Yussuf Shafie admits it wasn't easy being among the first Somali immigrants to arrive in Burnsville's schools.
'Immigrant suburbs' emerge in latest census sweep
Foreign-born populations are moving out of the central cities. Even outer-ring suburbs are becoming more culturally and racially diverse.
"It wasn't as diverse as it is today, I'll tell you that. It was hard to communicate with peers and stuff."
But now that there's a "huge Somali population" in the area, he says, things are going swimmingly at his year-old Tawakal Restaurant in the suburb's downtown. Nor is the place just for immigrants; it functions as an easy point of contact for all kinds of cultures.
"It's open to everyone who has a wallet," he cheerfully declares. "If you have a wallet, we can get along!"
He is part of what one analyst on Tuesday called a "dramatic shift" of immigrants out of the central cities after the U.S. Census Bureau released its latest batch of data tracing demographic change.
Burnsville and Eagan emerge among the state's top 10 destinations for East Africans, while nearby Shakopee is among the leaders for Southeast Asians. Eden Prairie is the state's leading home for immigrants from India.
"We recently did an analysis showing that every big minority group is now majority suburban," said University of Minnesota demographer Will Craig.
"Asians made that move between 1990 and 2000, going from 54 to 49 percent central cities. Blacks went majority suburban a little later, going from 65 percent urban in 2000 to 49 percent in 2010. Latinos were at 53, 54 percent urban for two decades but then dropped really fast in the last decade, down to 40 percent urban."
Those moves are visible in a new online mapping program the Census Bureau unveiled on Tuesday, called Census Explorer. The program allows people to easily trace key changes in their own neighborhoods from 1990 to 2000 to today.
"It's extremely easy to operate," said census spokesman Seth Amgott. "By toggling back and forth, you can see how any area has changed."
The most recent batch of data is actually a five-year summary, from 2008 to 2012, but it will serve for many as a proxy for 2010, the most natural year of comparison, since it is centered on 2010.
The greatest value of Tuesday's release is its ability to hone in on localized changes, such as the Burnsville neighborhood in the vicinity of Shafie's restaurant that soared from 3 percent to 22 percent foreign-born in the course of 20 years.

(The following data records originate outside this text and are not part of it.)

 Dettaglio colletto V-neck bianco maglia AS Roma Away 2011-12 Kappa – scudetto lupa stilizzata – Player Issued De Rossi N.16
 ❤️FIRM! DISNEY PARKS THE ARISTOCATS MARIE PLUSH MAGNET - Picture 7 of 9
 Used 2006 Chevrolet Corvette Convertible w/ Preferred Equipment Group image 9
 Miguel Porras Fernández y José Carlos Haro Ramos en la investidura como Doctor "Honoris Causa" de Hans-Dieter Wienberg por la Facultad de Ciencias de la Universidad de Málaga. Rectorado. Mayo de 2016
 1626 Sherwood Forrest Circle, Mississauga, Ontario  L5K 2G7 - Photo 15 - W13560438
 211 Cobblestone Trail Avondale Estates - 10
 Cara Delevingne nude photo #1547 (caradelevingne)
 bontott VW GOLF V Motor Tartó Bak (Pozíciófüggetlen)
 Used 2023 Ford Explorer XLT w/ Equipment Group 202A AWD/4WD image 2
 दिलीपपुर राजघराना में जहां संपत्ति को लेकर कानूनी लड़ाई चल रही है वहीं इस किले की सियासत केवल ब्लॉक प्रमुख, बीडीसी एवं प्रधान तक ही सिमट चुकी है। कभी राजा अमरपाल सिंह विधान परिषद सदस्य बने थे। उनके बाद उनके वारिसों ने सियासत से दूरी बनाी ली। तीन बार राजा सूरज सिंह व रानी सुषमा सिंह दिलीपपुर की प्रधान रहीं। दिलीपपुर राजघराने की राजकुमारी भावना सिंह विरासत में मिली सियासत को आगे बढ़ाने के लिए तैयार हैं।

During that period, Minnesota's overall foreign-born population was nearly tripling, from 2.6 percent in 1990 to 7.2 percent today. And that's a bigger chunk, too, of what is also a much more heavily populated state, with about a million more residents than 20 years ago.
The suburbanization of immigrants results from a "combination of things," said Jane Tigan, a research associate with Minnesota Compass, a unit of Wilder Research that puts demographic data online at www.mncompass.org.
"As immigrants have been here longer, they're more likely to work and be more stable economically, and have the ability to move to the suburbs if desired," she said. "Some suburbs are changing, too, with prices that are not prohibitive, that are affordable for many.
"But there are differing patterns for different groups as well. Immigrants are strongly represented on both the upper and lower end of the education spectrum, both more likely to have an advanced degree and more likely to have not much education. So there are different kinds of foreign-born."
Thus, for instance, well-educated immigrants from India are present in large numbers in Eden Prairie, Plymouth and Edina.
At the same time, though, a new Metropolitan Council analysis shows that Twin Cities rates of poverty differ greatly by race and ethnicity.
While the rate for whites is just 6.4 percent in 2012, the council says, Asians came in at 15.6 percent, American Indians 21.2 percent, Hispanics 25.7 percent, and blacks 36.6 percent.
The new census mapping program, to begin with at least, covers just a sprinkling of topics, including income, seniors, education and basic population counts. It does not directly address race or ethnicity, though it hints at them indirectly through immigrant numbers.
"In Minnesota, the two numbers are not that dissimilar," Craig said. "If you look at California, it doesn't work as well, because so many Asians and others are so long-established."